A creative writing professor soldiers through a semester, uncertain of his own capacity to write or teach.
This sequel to Downing’s 1997 novel, Perfect Agreement, revisits Mark, a teacher at a Massachusetts college who guides a clutch of undergrads through the essentials of point of view, style, and metaphor. But he lacks much in the way of authority or even assertiveness. He cedes much of the control of the writing workshop to an unnamed professor with whom he co-teaches it, feels listless at home (his partner is working overseas), and is growing weary of both academic bureaucracy (he’s procrastinating on writing an assigned memo for a committee he serves on) and intramural tensions (the adjuncts are organizing). All of this lassitude gives the novel a distinct lack of body heat, especially in the early chapters, where much of the narrative excitement comes from the peculiarities of Mark's writing exercises: Write a scene using only one-syllable words, write about a car crash that kills a person, etc. Eventually the book snaps into the seriocomic groove that the campus novel typically demands, from Mark’s struggle to complete his own assignments to his hailing an Uber that turns out to be driven by one of the college’s ill-paid adjuncts.
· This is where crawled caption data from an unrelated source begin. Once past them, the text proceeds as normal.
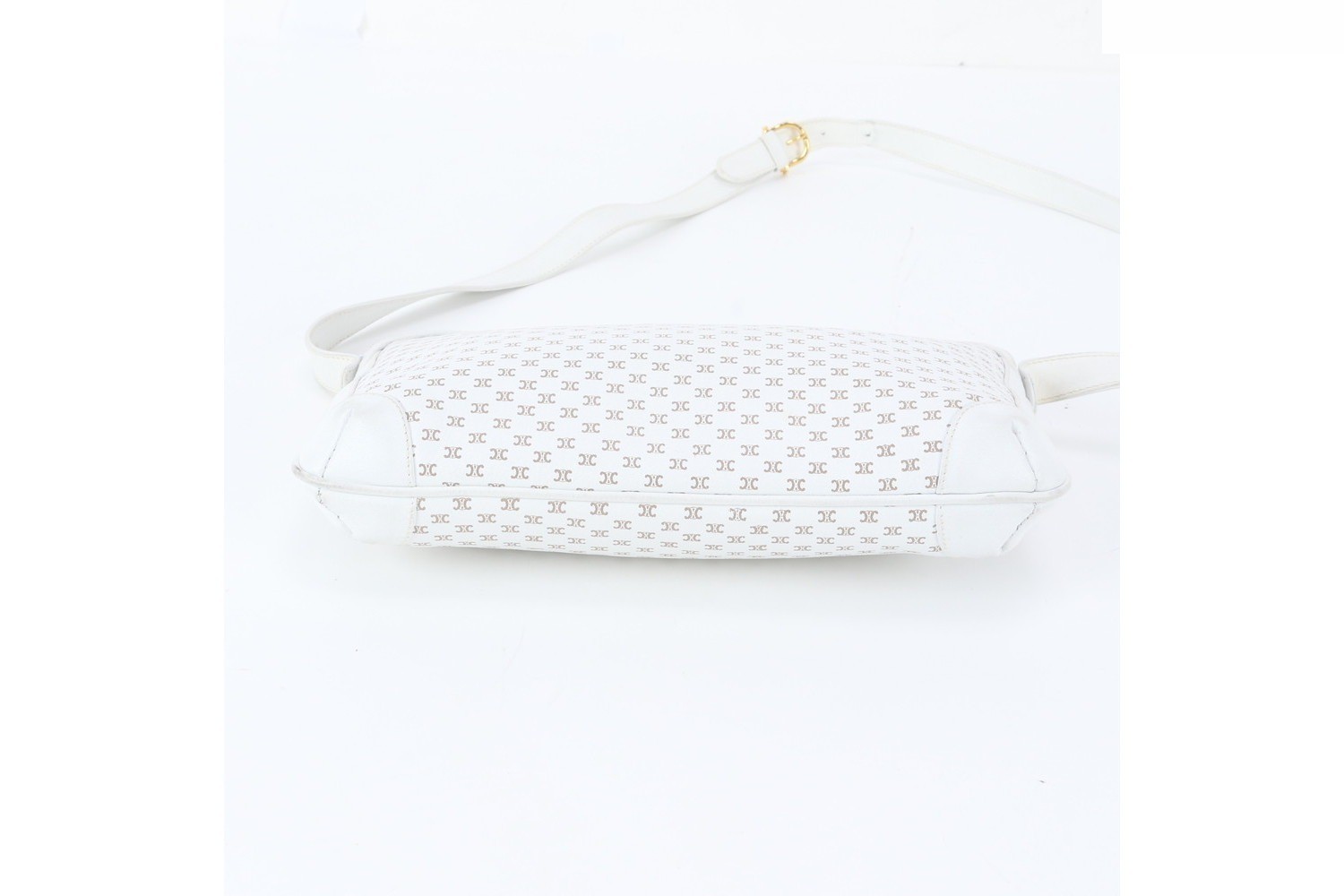 Triomphe Leather Shoulder Bag (Crossbody) — view 6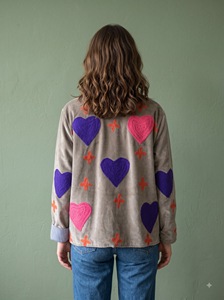 Morvi-Fab 2026 #76 <b>Women</b>’s Velvet Heart <b>Embroidered</b> <b>Jacket</b> – Colorful Boho Designer Outerwear - Product Image 6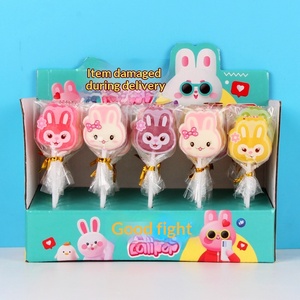 Venta al <span class=keywords><strong>por</strong></span> <span class=keywords><strong>Mayor</strong></span> de 30 Piruletas de Conejito de 15g |   Caramelos con Sabor Afrutado y Recubrimiento Creativo |   Dulces para Niños, Recuerdos para Fiestas de Cumpleaños - Product Image 6
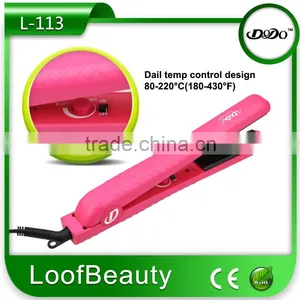 PTC Heater, Fast Heat up Dail Temp Control Design, 80-220C(180-430F)hair Flat Iron thumbnail-4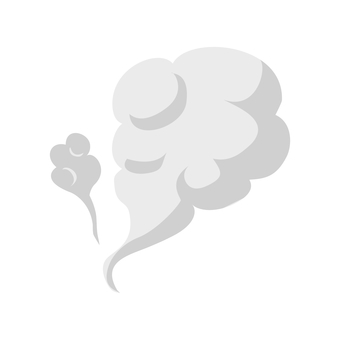 シンプルな煙 噴火,煙,爆発,雲,エフェクト,効果,モコモコ,ガス,火事,災害のイラスト素材
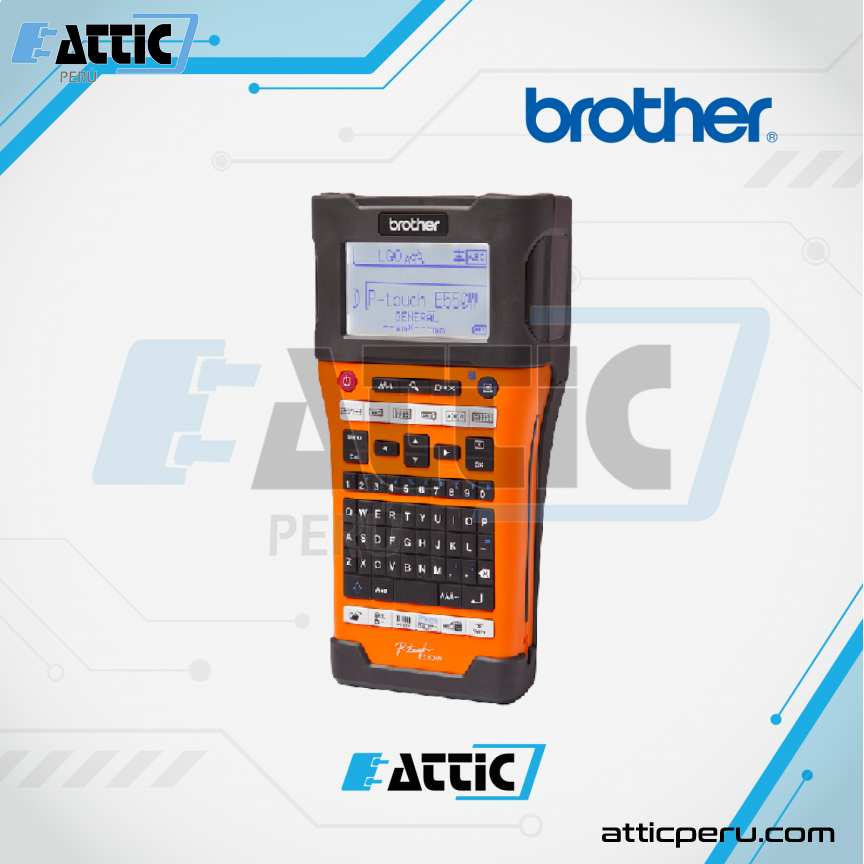 Rotuladora BROTHER PT-E550WVP Conectividad Inalámbrica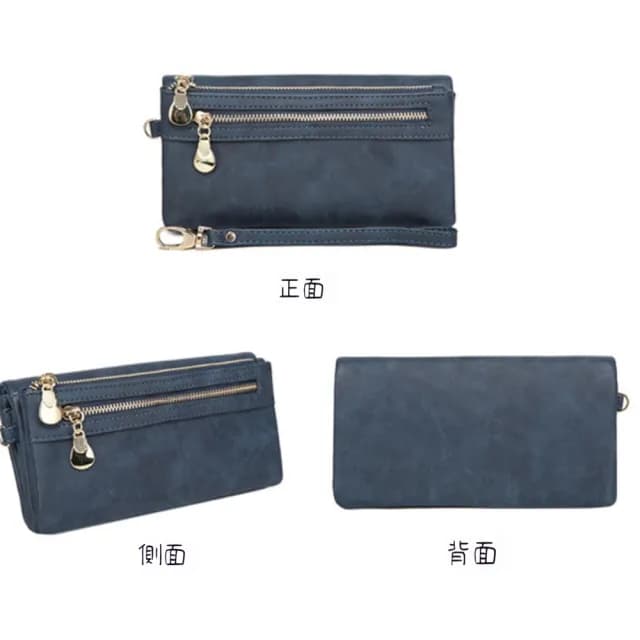 【MoonDy】雙11 多功能長夾 長款錢包 女生錢包 零錢包 可放手機 手拿包 手機包 手拿錢包 三折長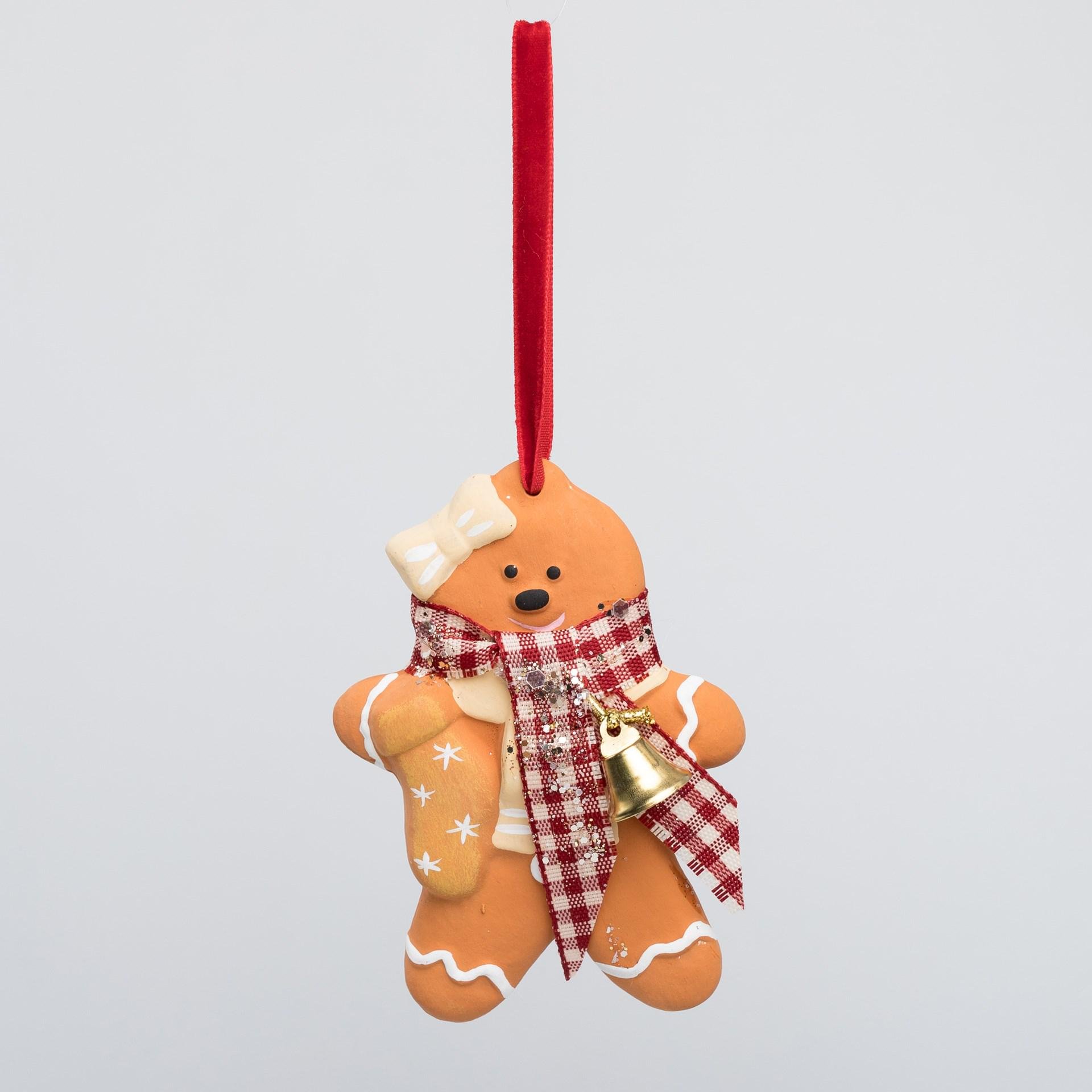 Іграшка на ялинку Флоріаль "Різдво" пряниковий чоловічок 8 см (111)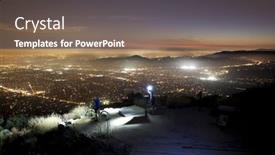  Presentation with mountain bike - Amazing theme having los-angeles-california-october-12 backdrop and a  colored foreground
Some late-breaking plot twists, involving an ailing student and the professor’s true identity, shed some light on Mark’s disconnection from himself. But the prevailing mood is ambivalence: “You could call this fear of success or fear of failure. You could say that Mark was embarrassed by his ambitions or unequal to them.” That kind of wheel-spinning drains the action from the story. And as any writing teacher will tell you, the success of a story rests on the action that its central character brings to it.
Downing sets the town-and-gown scenery well, but there’s an irony in a hero advocating for active writing in such a static environment.